Joint Variable Selection of both Fixed and Random Effects for Gaussian Process-based Spatially Varying Coefficient Models

TL;DR

This paper introduces a new penalized maximum likelihood approach for variable selection in Gaussian process-based spatially varying coefficient models, effectively identifying relevant covariates and improving model sparsity without sacrificing predictive accuracy.

Contribution

It proposes a novel joint variable selection method for both fixed and random effects in SVC models using PMLE, validated through simulations and real data.

Findings

Good selection performance in simulations

Produces sparser models with better information criteria

Maintains predictive accuracy comparable to classical methods

Abstract

Spatially varying coefficient (SVC) models are a type of regression model for spatial data where covariate effects vary over space.
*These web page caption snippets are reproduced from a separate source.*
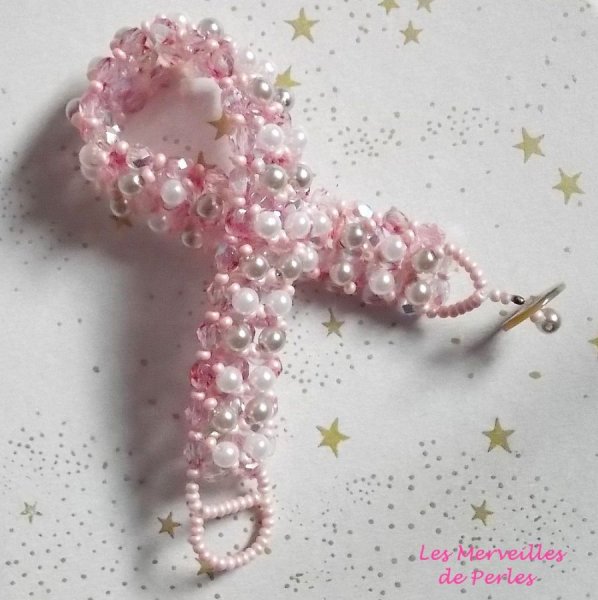 Bracelet perles Gouttes de rose avec des perles nacr&eacute;es et des facettes.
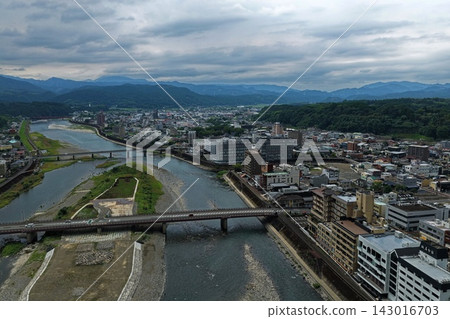 Aerial photographs capturing the rivers, bridges, and urban areas of Hitoyoshi City, Kumamoto Prefecture. Aerial photographs capturing the rivers, bridges, and urban areas of Hitoyoshi City, Kumamoto Prefecture. 143016703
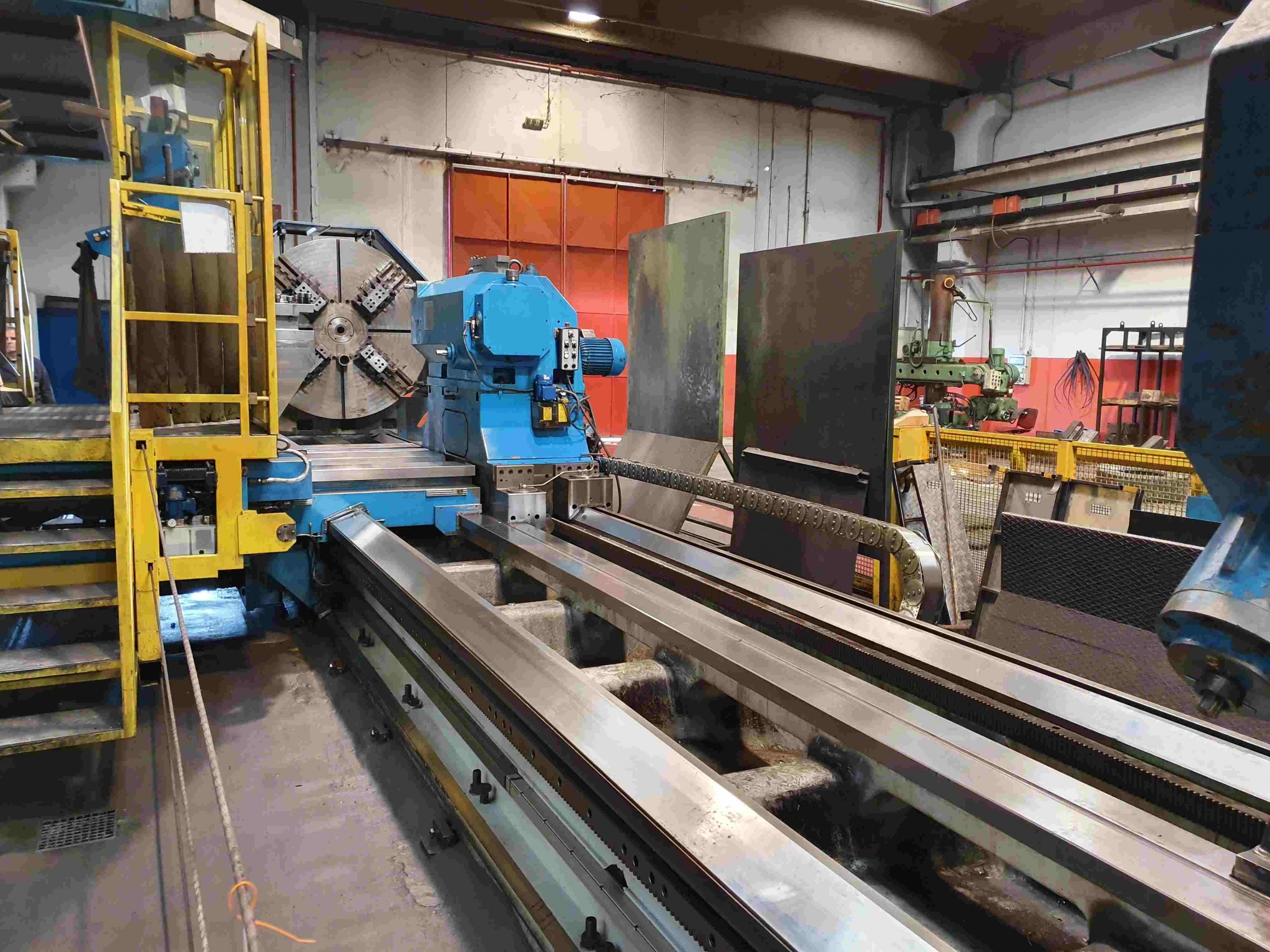 Usata TORNIO PARALLELO A TRE GUIDE TACCHI FTC 160 x 9000 CNC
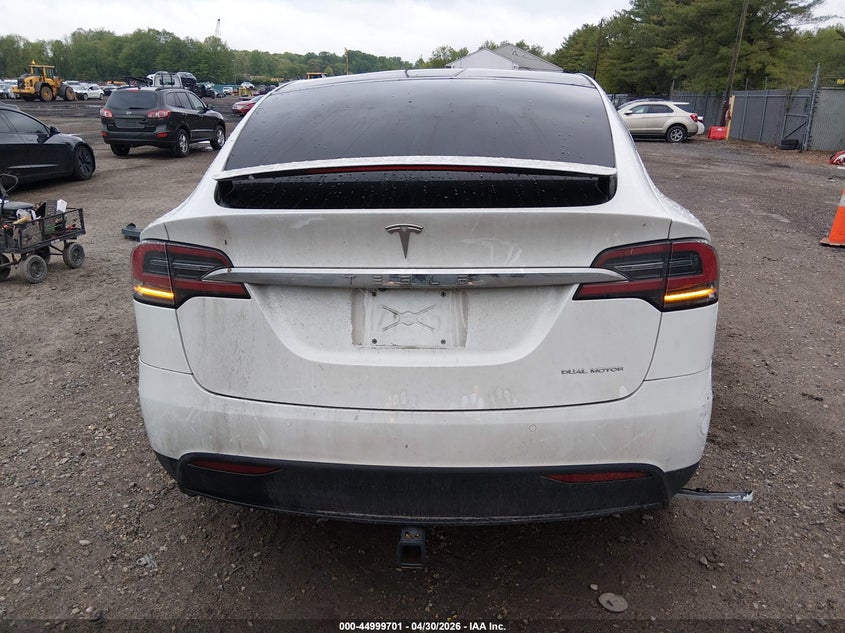 2019 Tesla Model X 100D/75D/Long Range/Standard Range VIN: 5YJXCDE29KF163404 Lot: 44999701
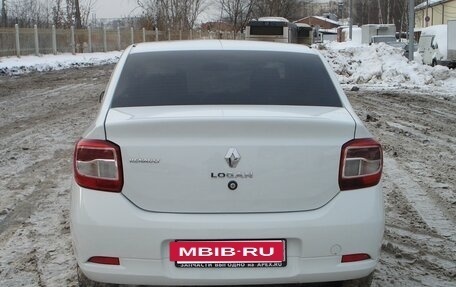 Renault Logan II, 2017 год, 560 000 рублей, 6 фотография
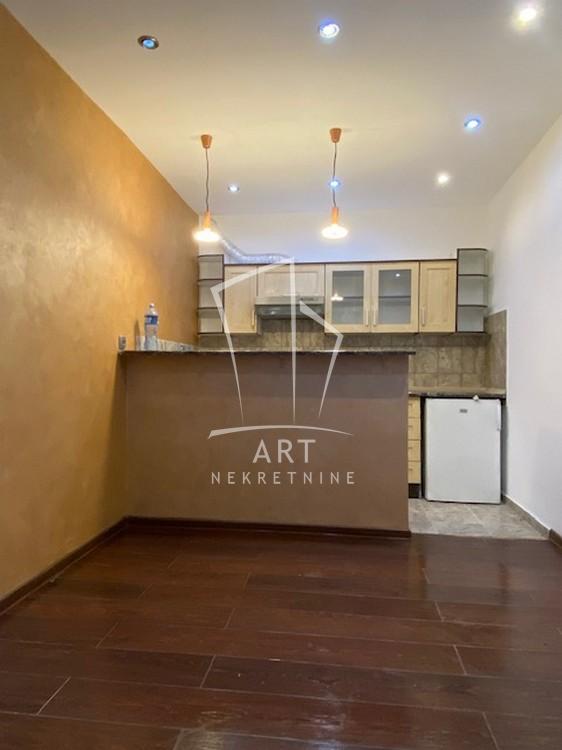 Slika 2 - Topolska, Dvoiposoban stan za izdavanje, 54m2, 800€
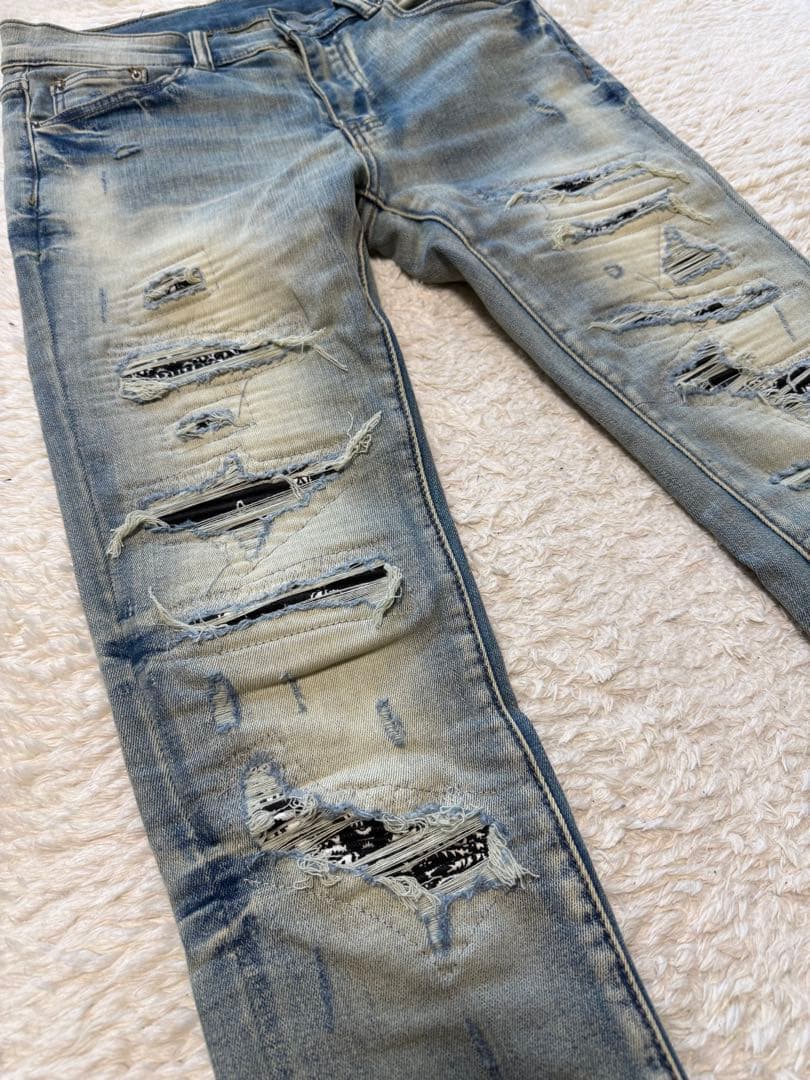 【美品】 ミニマル mnml ダメージ加工 ライトブルーデニム　30 早い者勝ち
If there are several covariates, a natural question is which covariates have a spatially varying effect and which not. We present a new variable selection approach for Gaussian process-based SVC models. It relies on a penalized maximum likelihood estimation (PMLE) and allows variable selection both with respect to fixed effects and Gaussian process random effects. We validate our approach both in a simulation study as well as a real world data set. Our novel approach shows good selection performance in the simulation study. In the real data application, our proposed PMLE yields sparser SVC models and achieves a smaller information criterion than classical MLE. In a cross-validation applied on the real data, we show that sparser PML estimated SVC models are on par with ML estimated SVC models with respect to predictive performance.